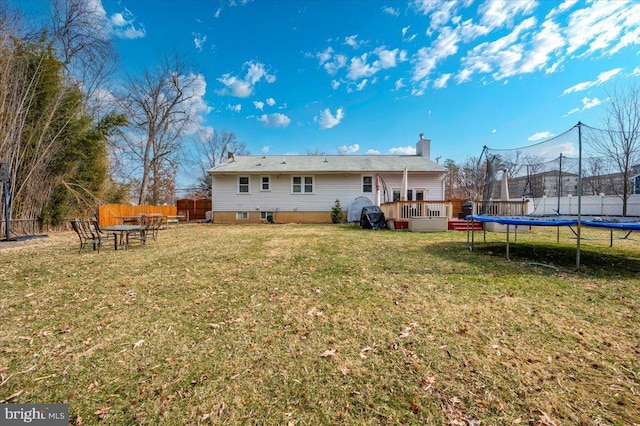 back of house featuring a trampoline, a yard, fence, and a wooden deck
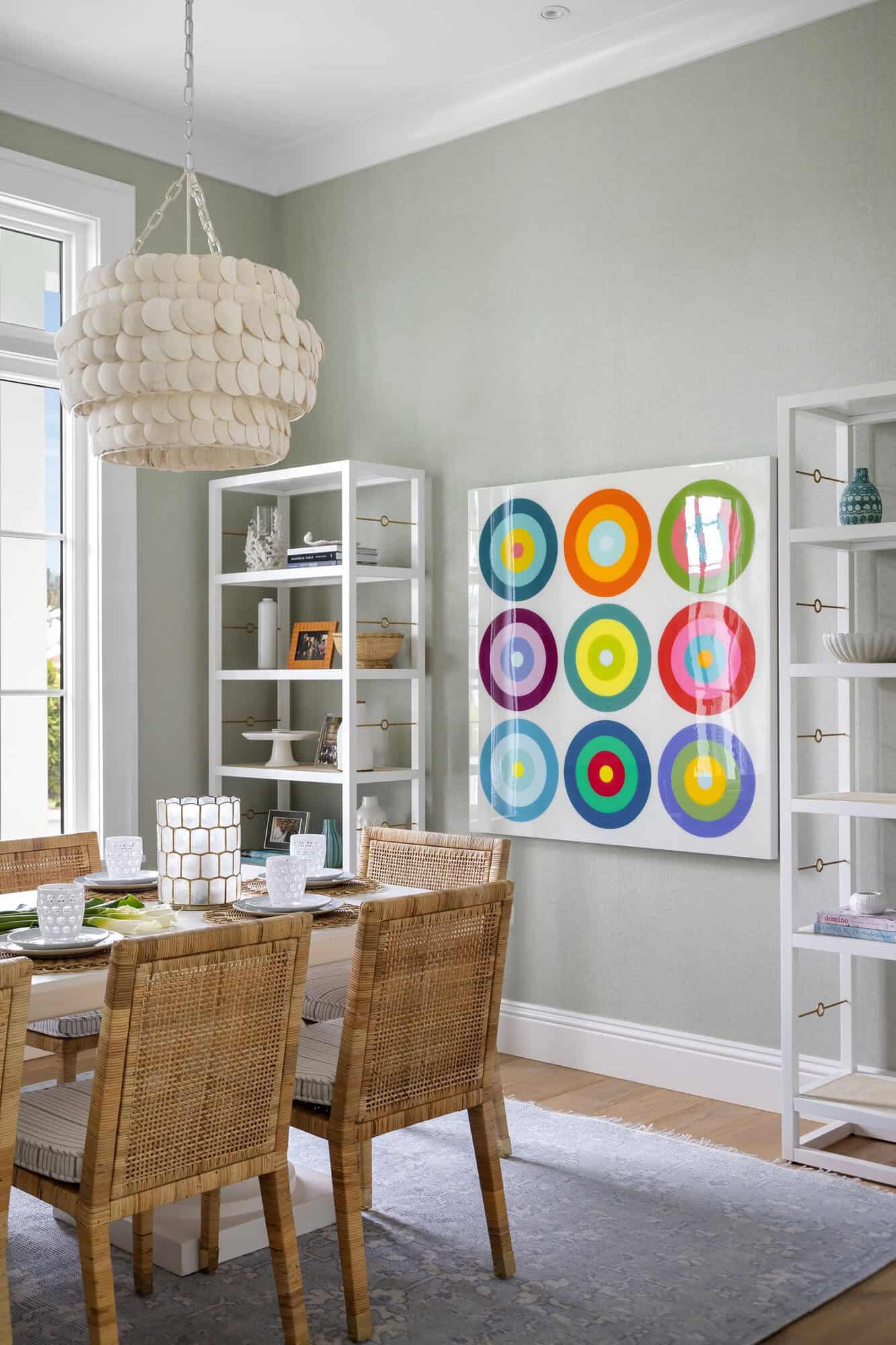 contemporary coastal dining room with artwork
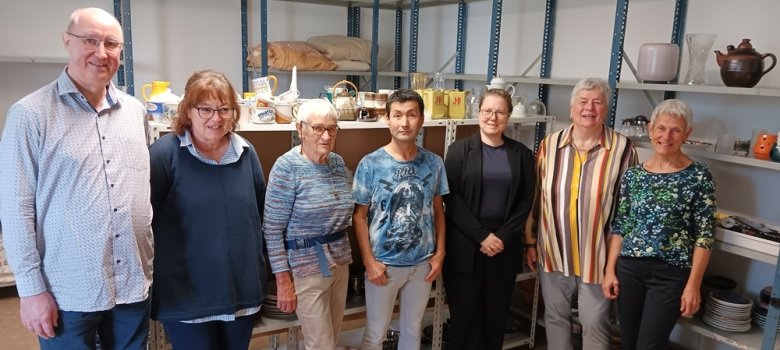 Sieben Menschen stehen vor großen Regalen mit Geschirr und anderen Haushalts-Sachen. Sie helfen mit, dass gespendete Dinge an Menschen weitergegeben werden. Alle schauen freundlich in die Kamera.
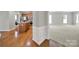 Bright kitchen with hardwood floors, stainless steel appliances, and center island at 8107 Crater Lake Dr, Indian Land, SC 29707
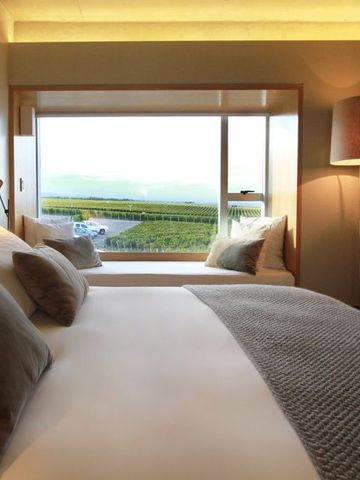 Luxuszimmer mit großem Fenster und Blick auf Weinberge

____________________

- What this task involves
Copy exactly the lines from the line containing "Bright kitchen with" through the last line of the records, both included, and omit every picture.

- Task answer
 Bright kitchen with hardwood floors, stainless steel appliances, and center island at 8107 Crater Lake Dr, Indian Land, SC 29707
 Luxuszimmer mit großem Fenster und Blick auf Weinberge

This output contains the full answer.